Overcrowding is less fun for everyone
Every patron comes to your pool with a different idea of what makes swimming fun for them. Some people might like to swim laps for exercise, while others enjoy simply lounging on floatation devices and soaking up some rays. In a pool with a moderate number of swimmers, both of these activities are possible.

In an overcrowded pool where swimmers barely have room to spread their arms, neither of them are. In a scene that’s common in pools around the country, students on Washington state’s Bellingham School District swim team issued a formal complaint to the school about repeatedly renting sections of the facility to outside groups. Three swim teams regularly used the pool in the afternoons until the district began renting out time​ slots to third parties.

“If you go swimming while [the other groups are] there, only two lanes are open to students,” Amber Hixson, a graduate student at Western Washington University, whose students also have access to the pool, told Western Front Online. “If there’s more than a couple of people swimming, it’s really crowded in those two lanes.”

Overcrowding limits what patrons can do on both sides. Lap swimmers have less room to exercise, and other patrons are also prohibited from entering those lanes.
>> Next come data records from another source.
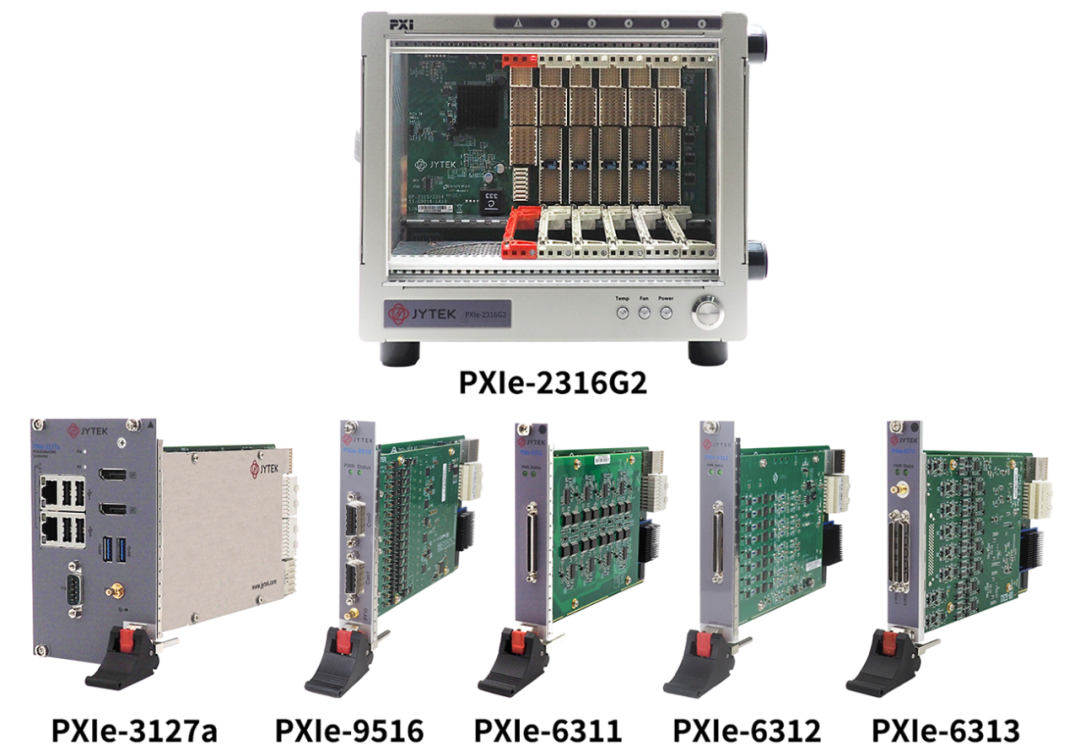 a3ab5bb0-d18b-11f0-8c8f-92fbcf53809c.png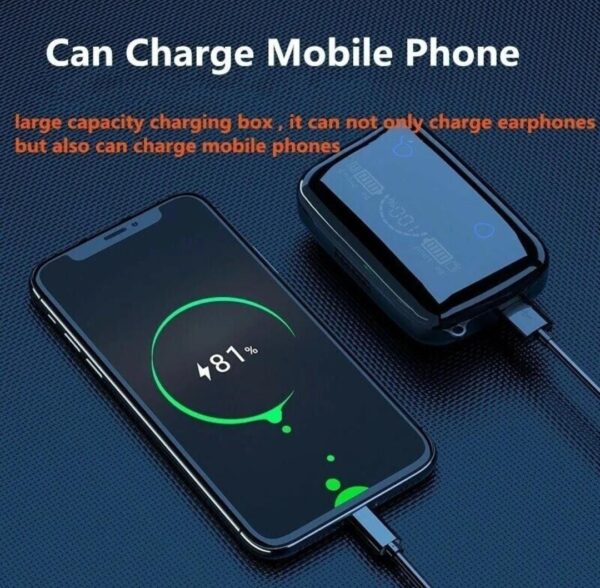 2230b5e5-0fa9-46b1-a273-e3214795eb25 2230b5e5-0fa9-46b1-a273-e3214795eb25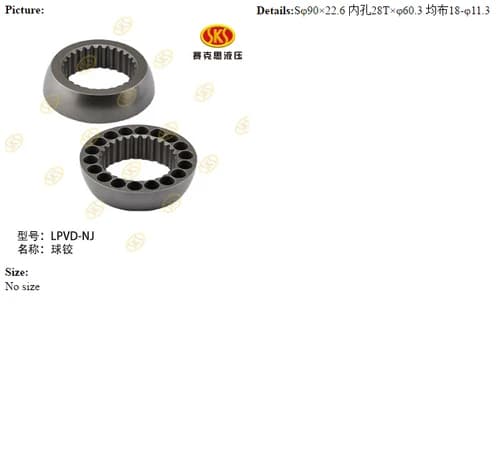 576d7b1f-70af-11e5-80c1-0cc47a469a4a_5a70bb3e-a5b7-11e6-80c7-0cc47a469a4a.png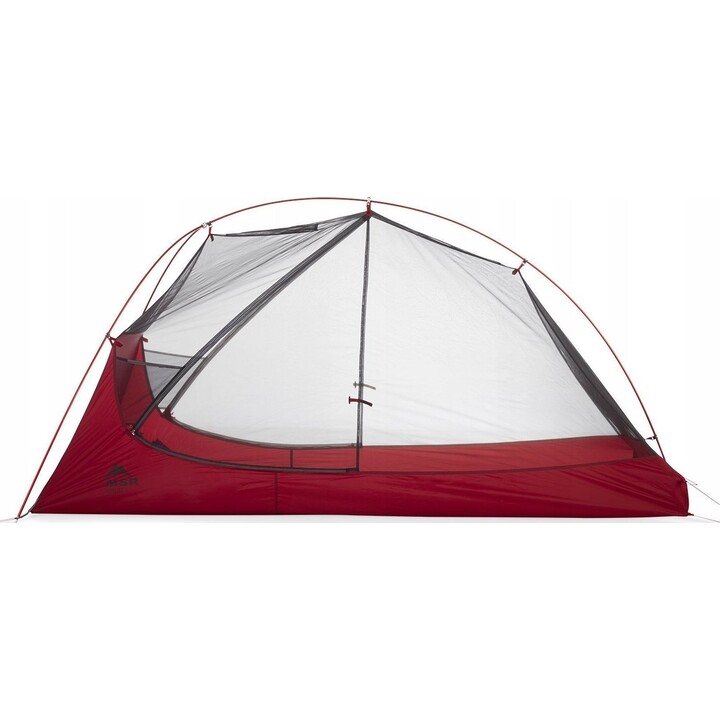 Tenda MSR FreeLite 2 Tan V3 - Tenda per 2 persone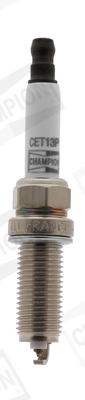 CHAMPION CET13P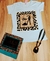 T-shirts diversas - comprar online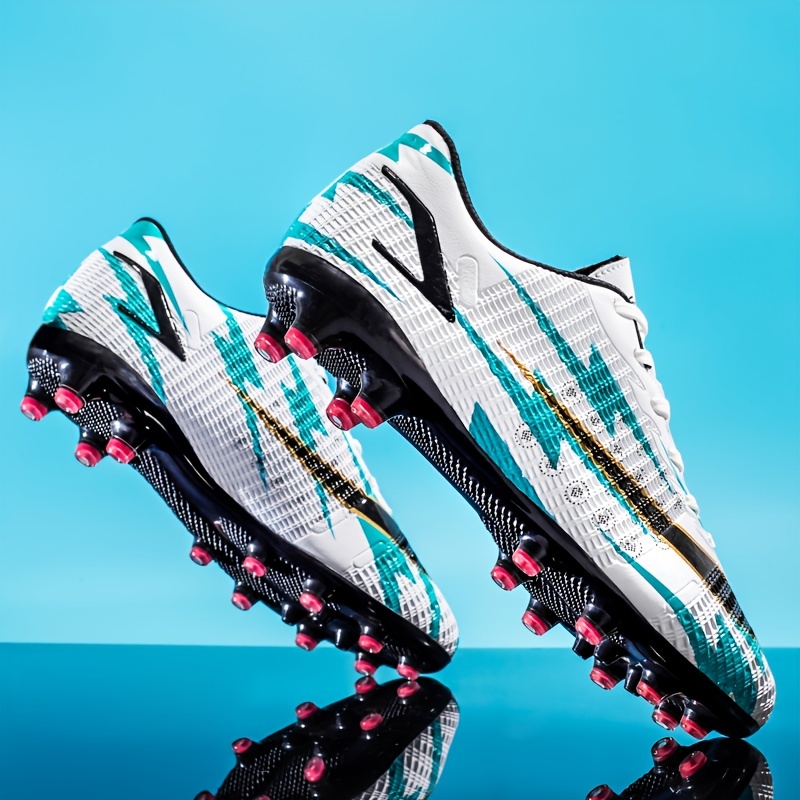 Nike Mercurial Vapor 14 Elite AG, Artificial-Ground Soccer Cleats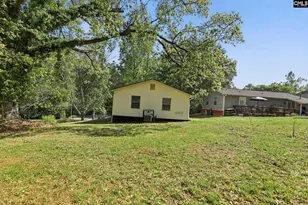 127 Celestial St, Spartanburg, SC 29306 - Photo 7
Both groups have less pool to work with, which makes your facility less fun for all involved.

Overcrowding creates unsafe conditions
Pool managers know that it’s hard enough already keeping chemical levels at a safe balance in pools that aren’t regularly overcrowded, but a facility packed with patrons who don’t have the room to move around only compounds the problem.

China is notorious for the number of people that flock to large pools in the summer, and several recent incidents prove that overcrowding creates dangerous water conditions. Amusing Planet explained that pools as large as 30,000 square meters pack up to 10,000 swimmers into the water at a single time. One wavepool in Beijing allows up to 230,000 swimmers.

It’s nearly impossible for pool managers to control the chemical levels of the water with so many people bringing contaminants into these facilities. According to a report from China’s Health Ministry, 10 percent of the public facilities in the country exceeded the upper safety limit for urine byproducts. In 2008, one man died and more than 3,000 were injured from contaminated water in a Beijing pool.

Most patrons will understand that the number of swimmers needs to be capped to ensure everyone has a fun and safe experience. You can experiment with timed periods where swimmers rotate in and out of the water, or you might want to implement a hard cap on the number of people allowed in your pool. Whatever you choose to do, avoiding overcrowding should be a top priority for pool management this summer.